- **Work request**: From the first line to the last, output the data exactly as it stands, minus its pictures.

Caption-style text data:
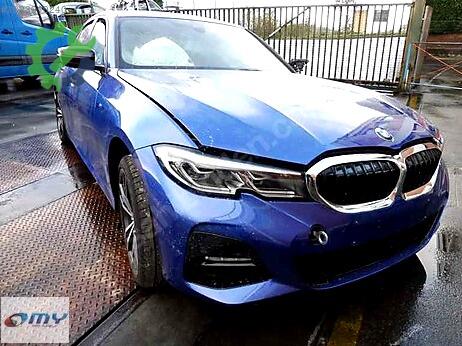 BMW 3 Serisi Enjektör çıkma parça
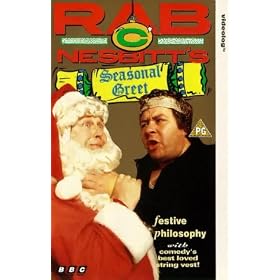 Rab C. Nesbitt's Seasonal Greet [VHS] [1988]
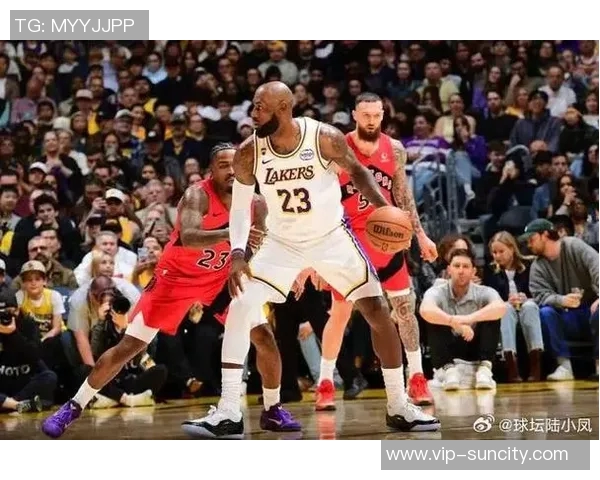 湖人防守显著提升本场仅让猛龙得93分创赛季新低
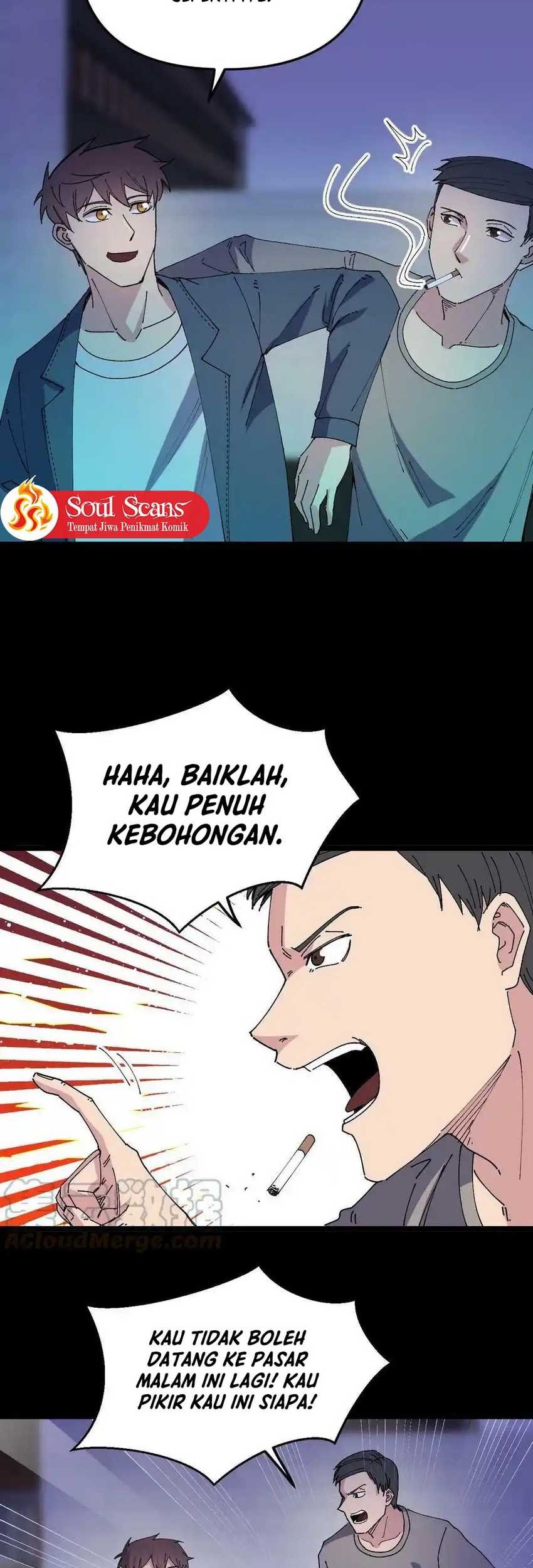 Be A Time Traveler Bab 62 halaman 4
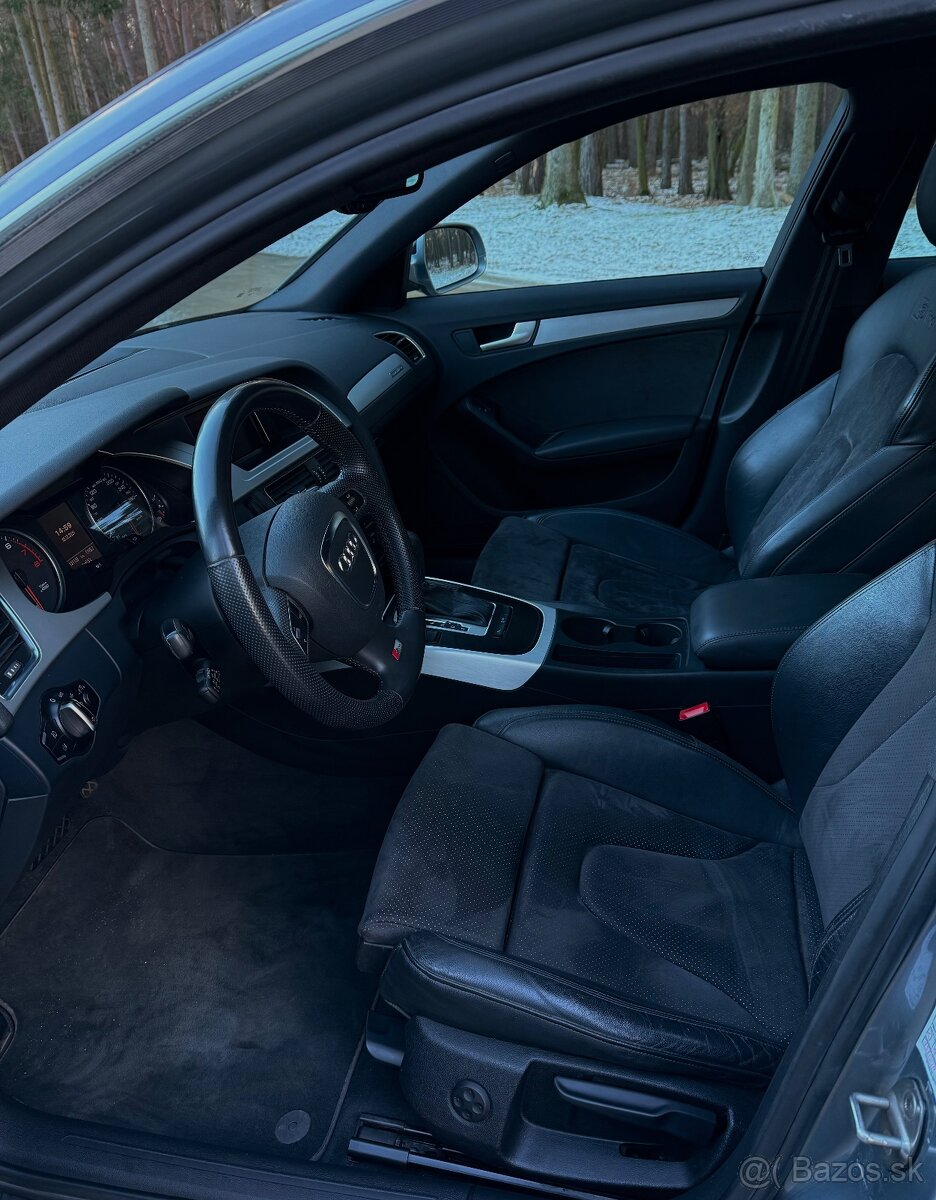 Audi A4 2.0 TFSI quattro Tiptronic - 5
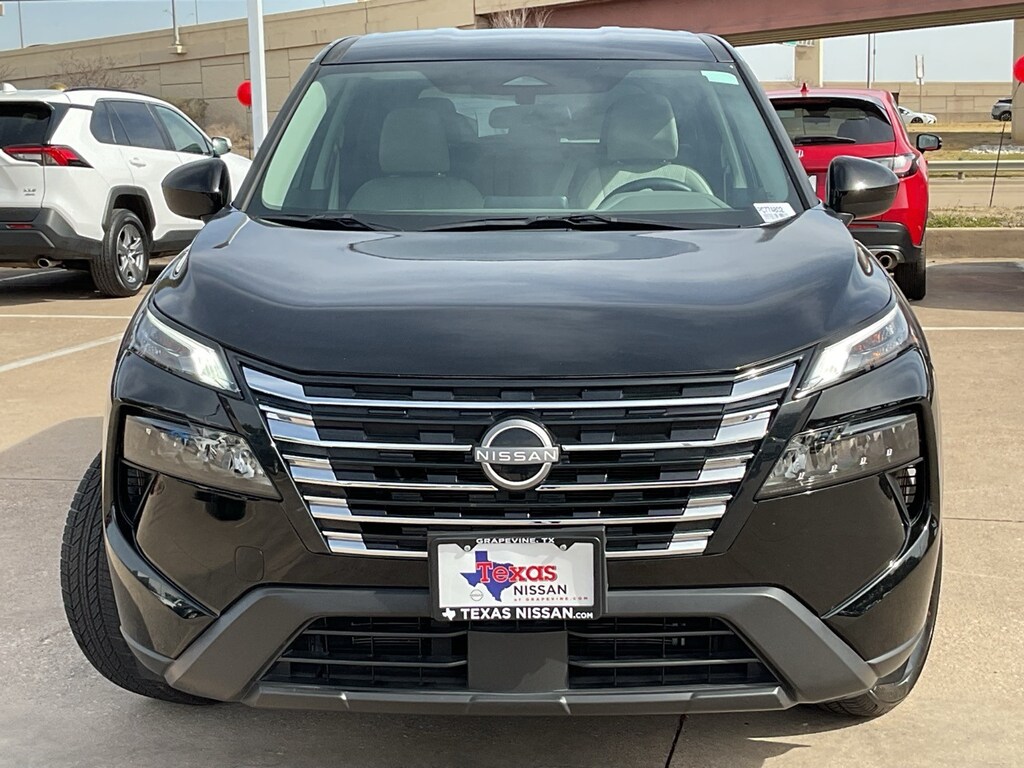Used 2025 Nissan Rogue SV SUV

- **Output of the exercise**:
 BMW 3 Serisi Enjektör çıkma parça
 Rab C. Nesbitt's Seasonal Greet [VHS] [1988]
 湖人防守显著提升本场仅让猛龙得93分创赛季新低
 Be A Time Traveler Bab 62 halaman 4
 Audi A4 2.0 TFSI quattro Tiptronic - 5
Used 2025 Nissan Rogue SV SUV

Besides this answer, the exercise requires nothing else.